Schuler was dating someone at the time whom she says was a fitness buff. He suggested he accompany her to the Towson Y. “The weight room looked out onto the gym,” Schuler recalled. “There was an aerobics dance class going on,” It piqued her interest, so one evening she joined the class. Before long, the head of the group fitness program at the Y noticed that Schuler, who’d become a regular in the aerobics classes, had picked up the dance sequences quickly. She asked Schuler if she’d like to become an instructor. The rest, as they say, is history — one that’s taken some surprising turns.

Back in the “old days,” recalls Schuler, the Y required that instructors have routine “weigh-ins” and prove their physical fitness by running a mile-and-a-half around the perimeter of the campus, multiple times a year. “We all dreaded it,” Schuler said with an eye roll. Another requirement was to maintain certification through a recognized aerobic organization. One year, at the annual American Aerobics Association International conference in Baltimore, Schuler decided to try something new. Instead of learning more about aerobics, she went to a three-day yoga workshop that she says changed her life.

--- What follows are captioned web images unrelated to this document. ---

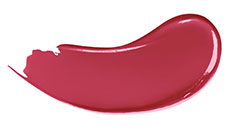 Pillow Lips Lippenstift Pillow Lips Lippenstift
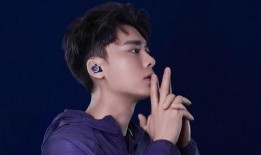 台湾爆料李易峰视频大全,揭秘娱乐圈风云人物背后的真相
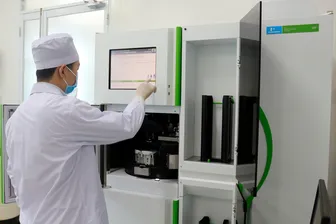 Thêm bệnh viện tại Cần Thơ có khoa xét nghiệm đạt chuẩn ISO 15189:2022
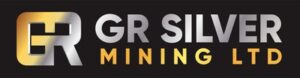 GR Silver Announces Executive Departure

“I realized you don’t have to work at a high-impact level to get fit,” she said. “After two years of yoga, I stopped teaching aerobics entirely.”

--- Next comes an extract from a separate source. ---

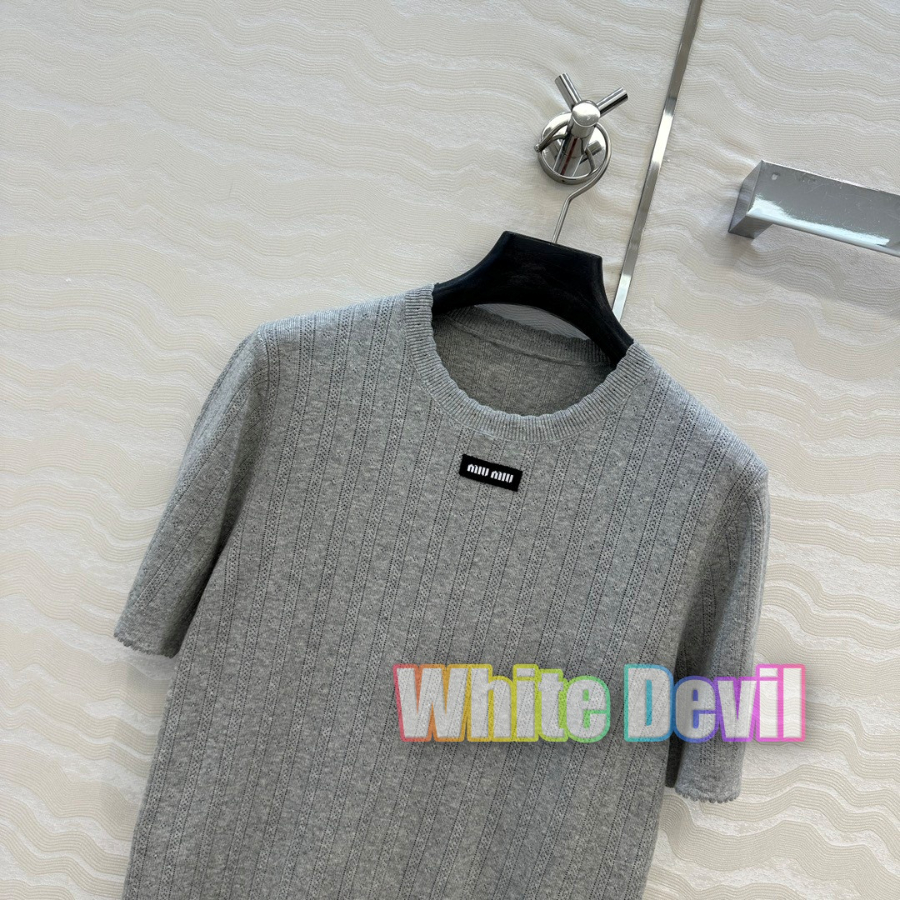 하얀악마 미우 반팔 (4).jpg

In 2011, she retired after working in the court system for 40 years, most recently as a judicial assistant for former Chief Justice Joseph F. Murphy Jr., judge for the Court of Appeals, 2nd Appellate Judicial Circuit. “After 40 years, I told Judge Murphy I had done it all, seen it all,” Schuler said.

Even so, she still works three days a week as Murphy’s administrative assistant at the Baltimore law firm he went to work for upon his own retirement, Schuler said. “I enjoy it. I like to work. I’m not a homebody. I want to get up and go to either a job, or go teach,” said Schuler, a divorced mother of one grown son.

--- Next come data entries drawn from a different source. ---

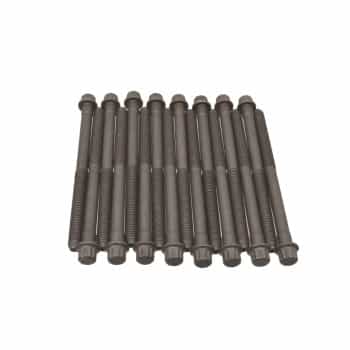 Bolt Kit, cylinder head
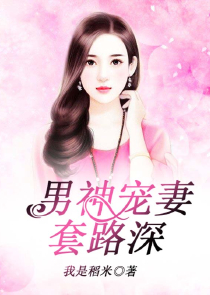 就去干网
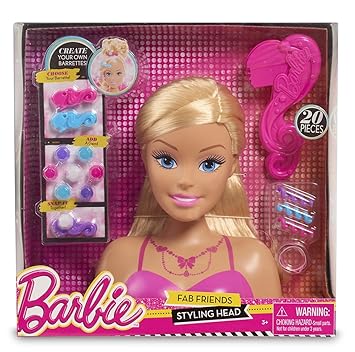 amazon de barbie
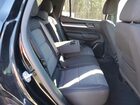 2025 Gmc Terrain Elevation Black vin: 3GKALUEG7SL282480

She now teaches group exercise classes several times a week at the Towson Y and the Y in Parkville. She leads classes in barre, yoga and Pilates, a system of exercises developed by Joseph Pilates, a German gymnast and body builder born in 1883, which focuses on awareness of breath, alignment of the spine and strengthening the deep torso and abdominal muscles. “I’m stronger and more flexible than I’ve ever been,” Schuler said of gentler forms of exercise that rely on the body’s own weight as resistance that she practices. So too are those who faithfully attend her classes.

Schuler shares the story of a man who comes to her barre and Pilates classes regularly. Recently, he showed her a picture of himself when he was 80 pounds heavier, adding that he was that weight before he started coming to her classes. “It’s so inspiring to know that I’m making a difference in his path of fitness,” Schuler said. The inspiration flows both ways.

“She’s a great example for us all,” said Melissa Cahill, a fitness coach and group exercise instructor at the Y who’s been taking Schuler’s Pilates classes for several years. She admits to being a tad jealous when initially entering Schuler’s class. “She’s 20 years older than me, and I couldn’t do what she could do,” Cahill said. “That inspired me to stick with it.” Others feel similarly. Schuler “always looks great and she makes me want to work harder.” Rothwell said. “Her age is irrelevant. She’s just a fit person.”

Her somewhat stern and serious demeanor during class does not deter many students, Schuler believes. “They may say I’m tough,” she said. “But they keep coming back.” Having made a lifelong commitment to fitness, Schuler said sees no reason to slow down. Aside from some nagging tears in her rotator cuffs, which she says have healed through physical therapy, Schuler reports no health problems.

“I get a lot of hugs from teaching,” she said.